ECLI:NL:RBDHA:2023:9275
Rechtbank Den Haag
- Vereenvoudigde behandeling
- Rechtspraak.nl
Niet-ontvankelijkheid van asielaanvraag door prematuur ingediende ingebrekestelling
In deze zaak heeft eiser, geboren op een onbekende datum en van Syrische nationaliteit, op 23 juni 2022 een aanvraag tot het verlenen van een verblijfsvergunning asiel voor bepaalde tijd ingediend. Eiser heeft de Staatssecretaris van Justitie en Veiligheid in gebreke gesteld wegens het niet tijdig beslissen op zijn asielaanvraag, en heeft op 17 januari 2023 beroep ingesteld tegen het niet tijdig nemen van een besluit. De Staatssecretaris heeft eiser op 30 november 2022 geïnformeerd over de verlenging van de beslistermijn in verband met de inwerkingtreding van het WBV 2022/22.
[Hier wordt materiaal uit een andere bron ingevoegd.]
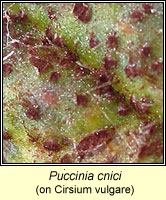 Puccinia cnici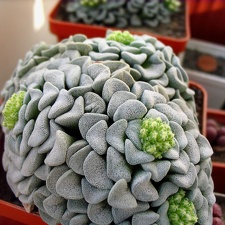Crassula mesembrianthemopsis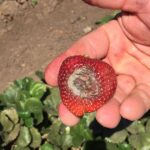 strawberry with visible signs of gray mold infection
De rechtbank heeft op basis van artikel 8:54 van de Algemene wet bestuursrecht (Awb) uitspraak gedaan zonder zitting. De rechtbank overweegt dat het niet tijdig nemen van een besluit gelijkgesteld wordt met een besluit, zoals bepaald in artikel 6:2 van de Awb. Eiser heeft zijn aanvraag ingediend op 23 juni 2022, en de wettelijke beslistermijn van zes maanden zou eindigen op 23 december 2022. Echter, de Staatssecretaris heeft de beslistermijn met negen maanden verlengd, wat rechtsgeldig is verklaard door de rechtbank in een eerdere uitspraak.
De rechtbank concludeert dat de beslistermijn eindigt op 23 september 2023, waardoor de ingebrekestelling van 2 januari 2023 prematuur is ingediend. Het beroep voldoet niet aan de vereisten voor het indienen van een beroep tegen het niet tijdig beslissen, zoals bedoeld in artikel 6:12, tweede lid, van de Awb. Daarom is het beroep kennelijk niet-ontvankelijk verklaard. De rechtbank heeft geen aanleiding gezien voor een proceskostenveroordeling.